Updated: When setting timestamp to 0, I am getting the following error:

Caused by: org.apache.kafka.common.errors.UnknownProducerIdException: This exception is raised by the broker if it could not locate the producer metadata associated with the producerId in question. This could happen if, for instance, the producer's records were deleted because their retention time had elapsed. Once the last records of the producerID are removed, the producer's metadata is removed from the broker, and future appends by the producer will return this exception. 

I also tried setting max.task.idle.ms to > 0 (3 seconds and 30 minute), but still getting the same error.

Updated: I fixed the 'UnknownProducerIdException' error by setting the customTimestampsExtractor to 6 days ago which is still earlier than record from Topic A. I thhink (not sure) setting to 0 trigger retention on the changelog which caused this error. However, join is still not working where it still happen before the ktable finished loading. Why is that?

I am using Kafka Streams 2.3.0.

Am I doing anything wrong here? Many thanks.

1
The issues with old timestamps is known: issues.apache.org/jira/browse/KAFKA-6817Matthias J. Sax
Hi Matthias, Thanks for Jira link. Regarding to my 2) issue, I read about your answer in stackoverflow.com/questions/57498201/…, and you said as 2.1.0, timestamps are synchronized strictly. However, In my testing, it doesn't behave like that. Join starts without waiting for ktable finished loading even all records in ktable topic is earlier than all records in kstream. Is this a known issue?user1086102
I am not aware of any issue -- as you use max.task.idle.ms already, I am not sure what the problem could be. Note though, that your table is not loaded directly from topic B: as you change the key, the data is repartitioned before the reduce (similar for the stream input, ie, there is repartitioning happening before the join()`) and this may cause issue with timestamp synchronization, too.

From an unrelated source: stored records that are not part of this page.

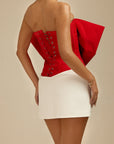 Dolly - Large Bow Corset Top Red Fabslay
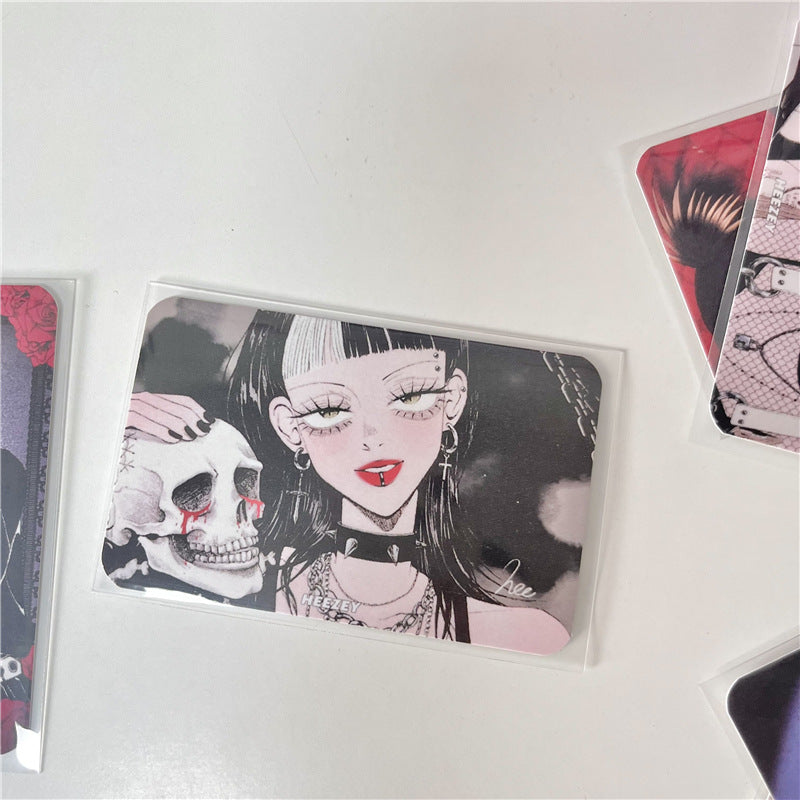 3-Inch Rounded Retro Spicy Dark Style Girl 3-Inch Small Card Hand Account Material Card Business Card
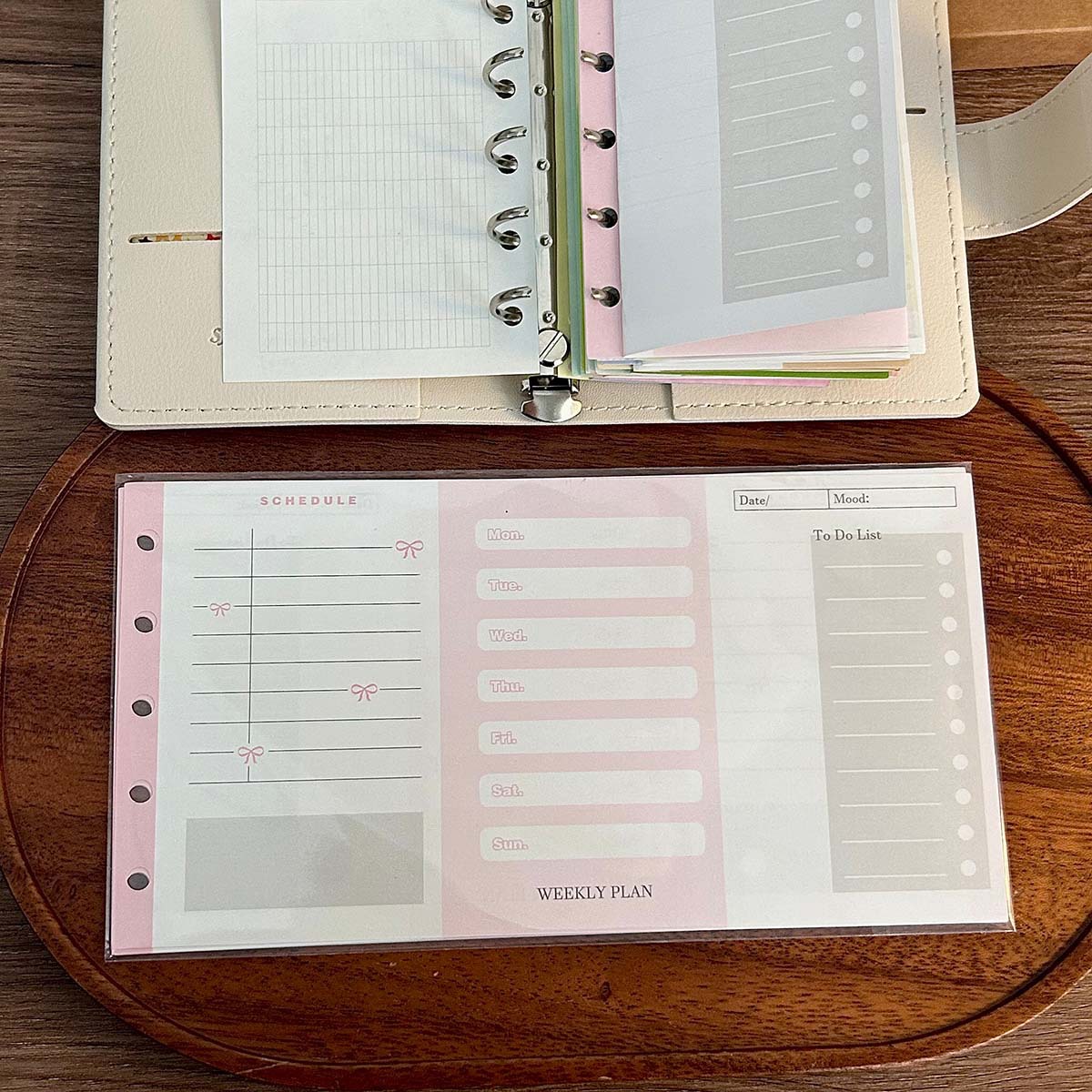 [Colección M5] Libro de hojas sueltas, accesorios de página interior, libro de contabilidad manual, libro de almacenamiento, carcasa PP, mini libro de tarjetas, bolsillo interior portátil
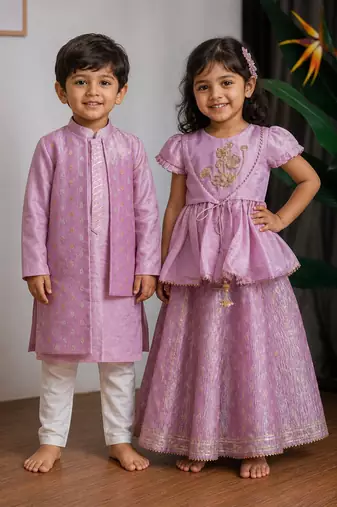 Purple embroidered & woven banarasi lehenga choli & kurta jacket brother sister matching combo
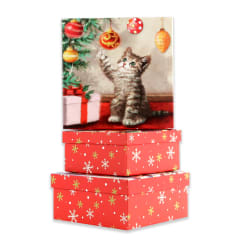 SET 3 CAJAS DE REGALO NAVIDAD GATO Y ESFERAS | 12 UNID
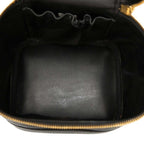 Chanel CC Logo Vanity Bag Handbag Black Caviar Leather — view 4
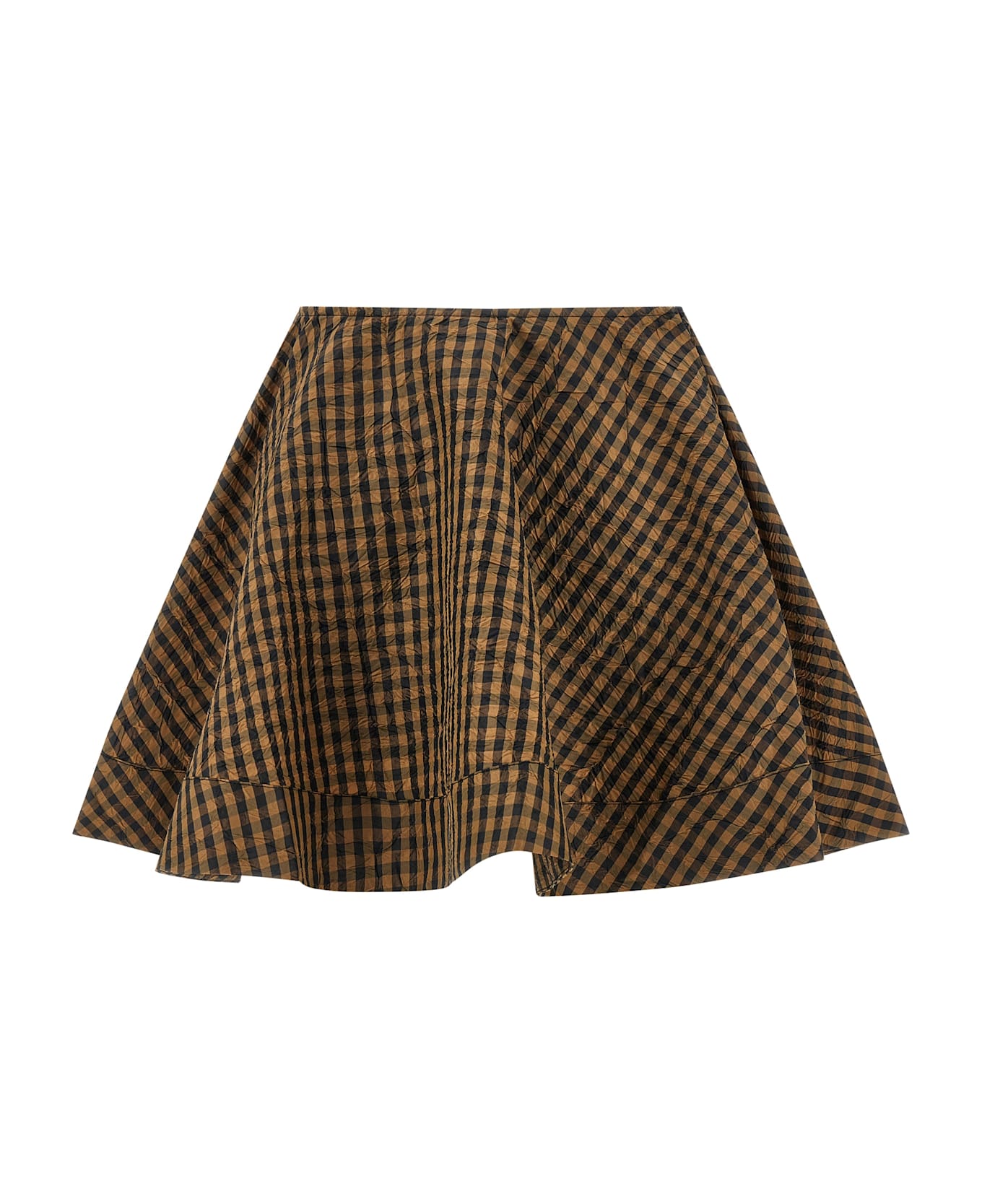 Ganni 'crinckled Taffetà' Skirt - Brown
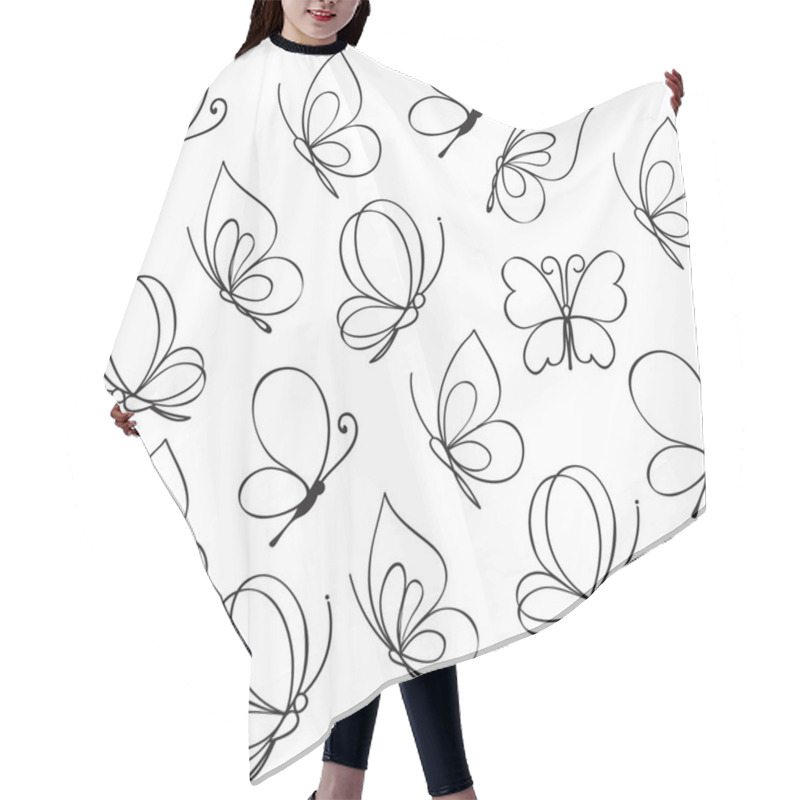 Personality  Seamless Butterfly Pattern Hair Cutting Cape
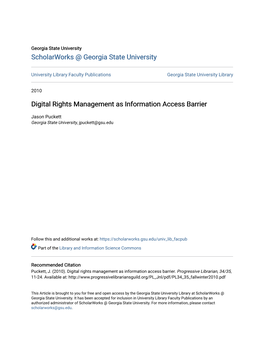 Digital Rights Management As Information Access Barrier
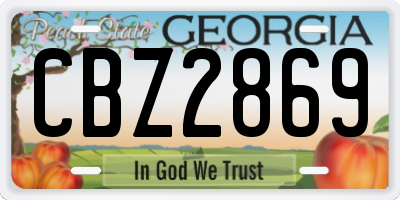 GA license plate CBZ2869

The repartitioning will result in interleaved writes and thus out-of-order data.Matthias J. Sax
Did you ever figure this out?Avi Farada
I changed the logic to use GlobalKTable insteaduser1086102

1 Answers

1
votes

1.the KTable initialization is slow. (around 2000 msg/s), is this normal?

This depend on your network, and I think the limition is the consuming rate of TopicB, two config CACHE_MAX_BYTES_BUFFERING_CONFIG and COMMIT_INTERVAL_MS_CONFIG which you use is to choose the trade-off between how much output of KTable you want to produce (cause KTable changelog is stream of revisions) and how much latency you accept when you update KTable to underlying topic and downstream processor. Take a detail look at Kafka Streams caching config for state store and this blog part Tables, Not Triggers.

I think the good way to increase the consuming rate of TopicB is to add more partition.

  1. KStream.leftJoin(KTable,...) is always table lookup, it's always join the current stream record with the latest updated record on KTable, it'll not take stream time into account when deciding whether to join or not. If you want to consider stream time when joining, take a look at KStream-KStream join.

In your case this lag is the lag of TopicB, it does not mean KTable is not fully loaded. Your KTable is not fully loaded when it's in the state restore process when it's read from underlying changelog topic of KTable to restore the current state before actually running your stream app, in just case you will not able to do the join because stream app is not running until state is fully restore.